The thing that I notice about this discussion is the Cartesian brain-vs-physiology dualism of it. IMHO looking through a systemic neuro-semantic frame will allow us to combine both insights, perhaps leading to more clarity…
Like all systems with feedback loops it’s easy to get caught into chicken-and-egg thinking if you ask which comes first – the somatic response or the meta-state thought structure about the value of a consistent pattern of perceived behaviour. It’s a truism in neuro-semantics that meta-states collapse very quickly into a neuro-physiological state. Unpicking this to explore (and maybe change) the higher level states is an important step to understand what is happening… Ton appears to have done that unpicking, and for him the feeling of trust is associated with the cognitive state of recognising consistent behaviour. Ton doesn’t mention if he actually makes his trust-based decisions on a gut feeling or whether he consciously explores the history of consistent behaviour. My guess in the absence of data is the former (but open to correction!)…
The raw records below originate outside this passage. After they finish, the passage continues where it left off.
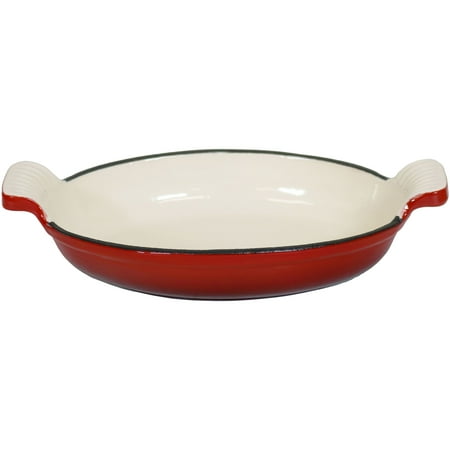 Sunnydaze Decor Oval Enameled Cast Iron Baking Dish Pan, 6 x 1 x 8 inch , Red and Cream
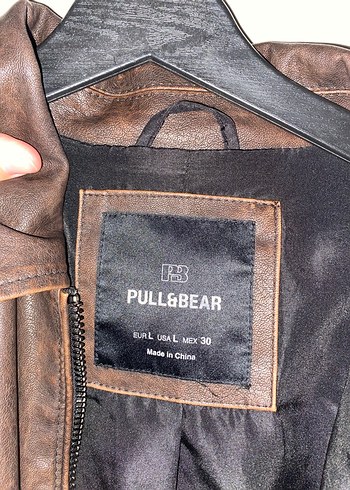 Pull and Bear Kahverengi Deri Fermuarlı Erkek Ceket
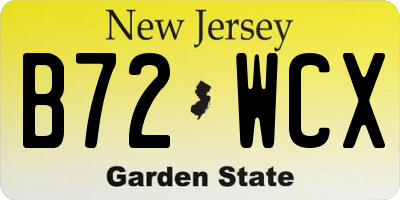 NJ license plate B72WCX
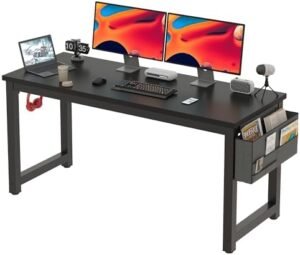 63 Inch Large Computer Desk Writing Study Work Office Table Home Office Desk Moderm Gaming Desk Simple Workstation with Storage Bag and Iron Hook – Black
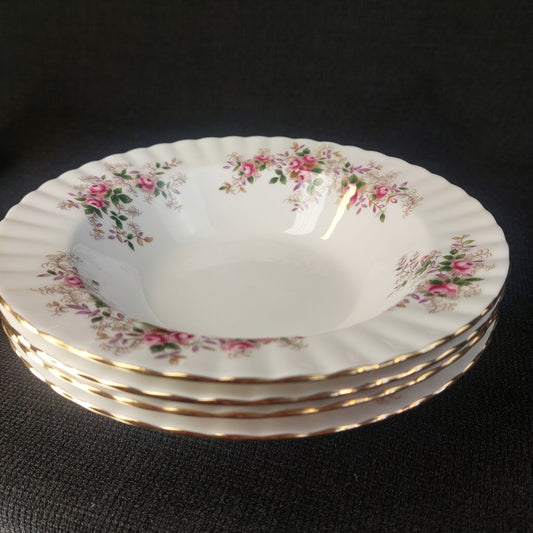 Royal Albert Lavender Rose - 4 Rimmed Soup Bowls - Never Used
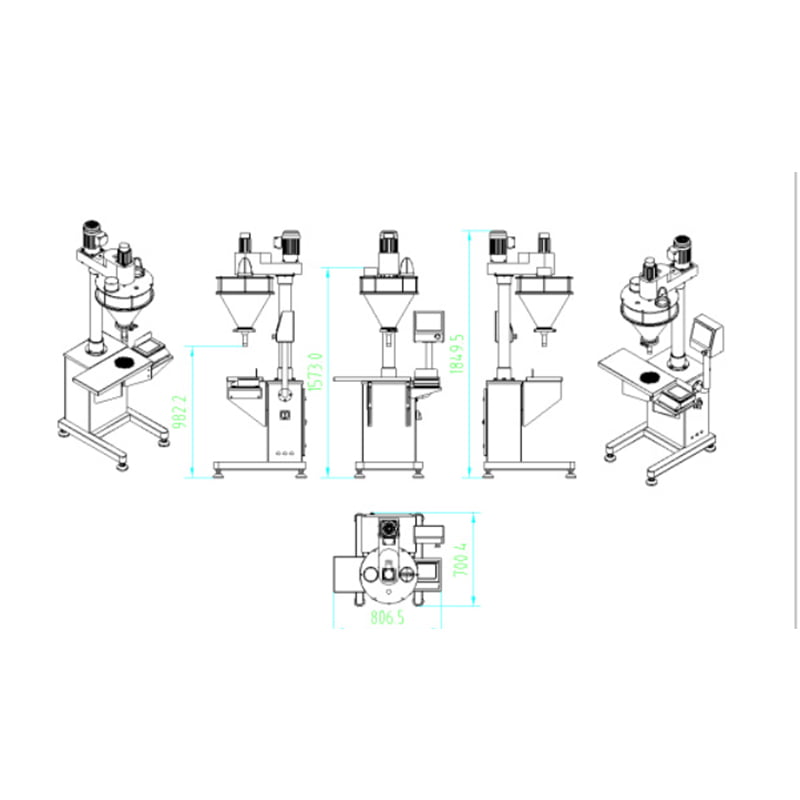 دستگاه بسته بندی پودر استیل ضد زنگ نیمه اتوماتیک MPB-10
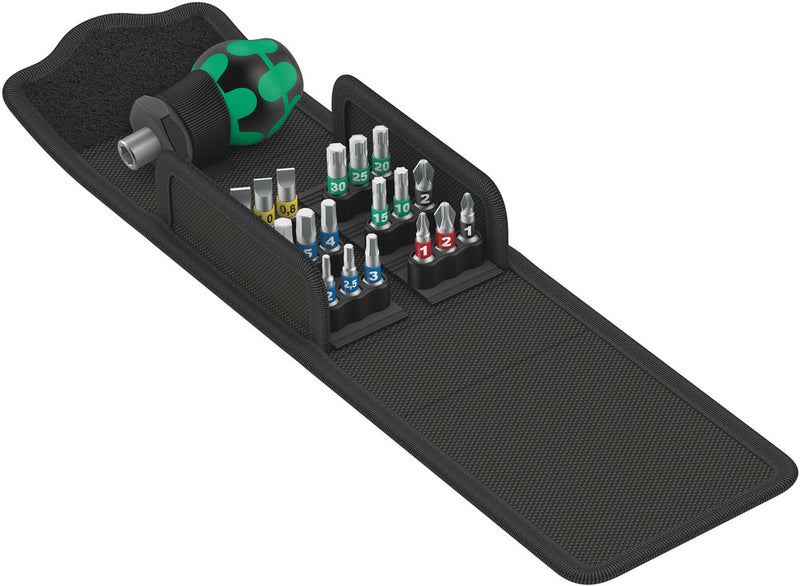 Wera kraftform kompakt stubby 1, 19-delig bitset (zwart groen)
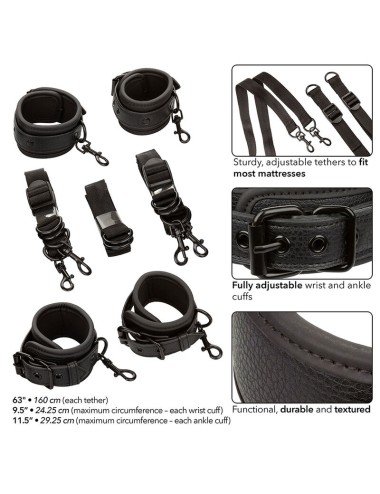 CALEXOTICS - NOCTURNAL CINGHIE PER LETTO IN PELLE REGOLABILI NERE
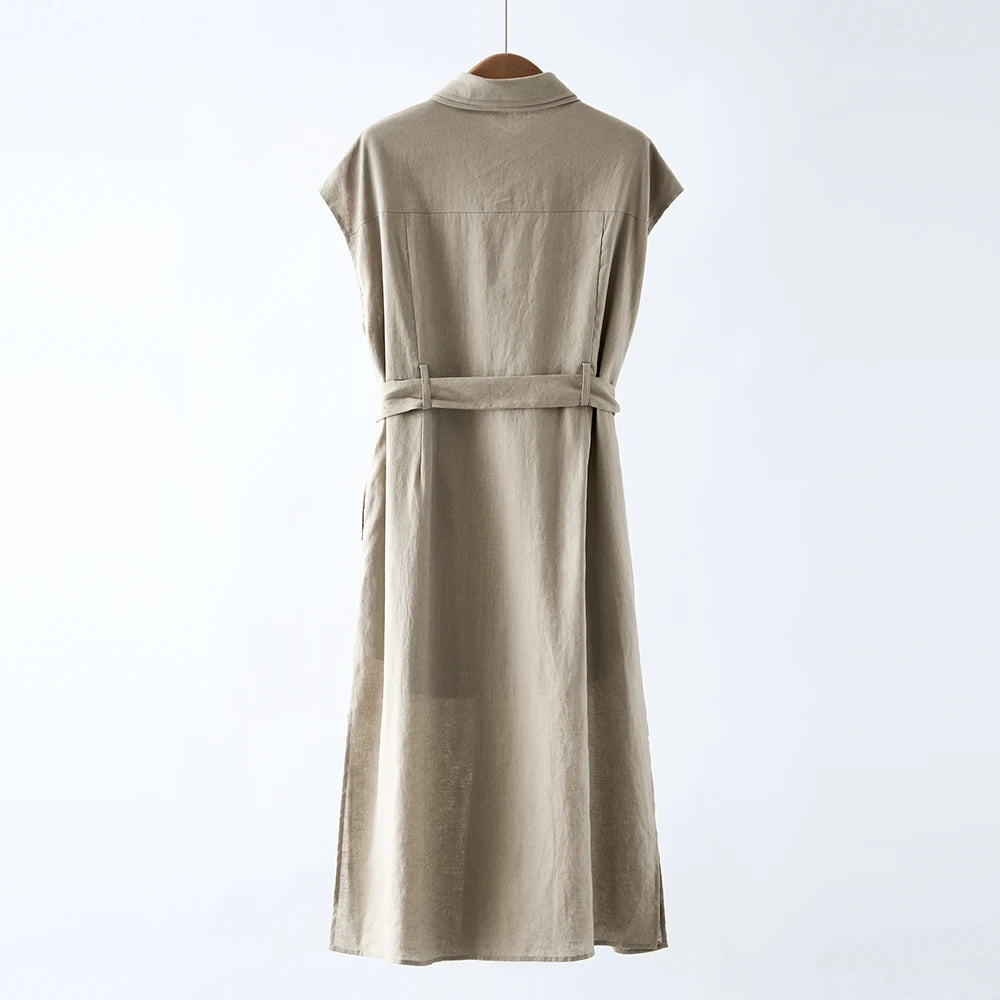 Women's Midi Linen Shirt Dress with Beaded Collar & Waist-Cinching Tie
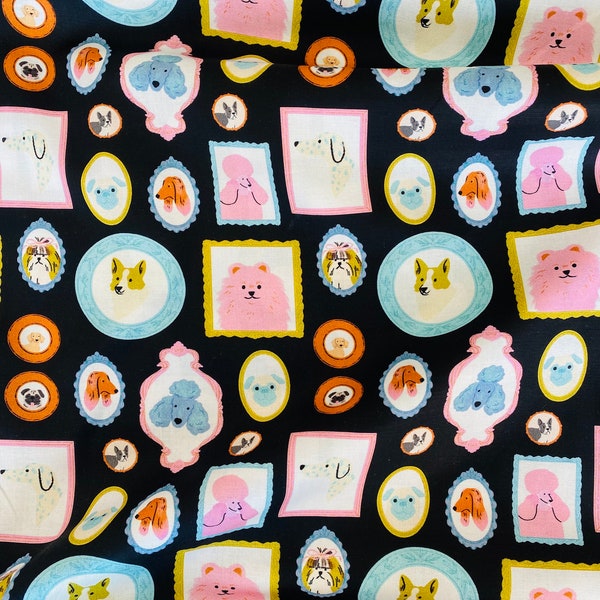 Dear Stella Quilt Fabric Doggy Portraits, Dog Days Collection Choose your cut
Some questions come to mind:
- Do other people share Ton’s criteria for trust?
- What other criteria might apply?
- What evidence can we glean from online connections that might allow those criteria to be applied?
- Could we create new forms of information that would help that discrimination?
- How do we Mind-to-Muscle those mental states to give an emotional signal for “online trust” that will work as a shorthand?
Lots more to do, and I’m sure others out there are further down the path. In the meantime perhaps we are, as Gary says, “back to clicking on pure blind faith”!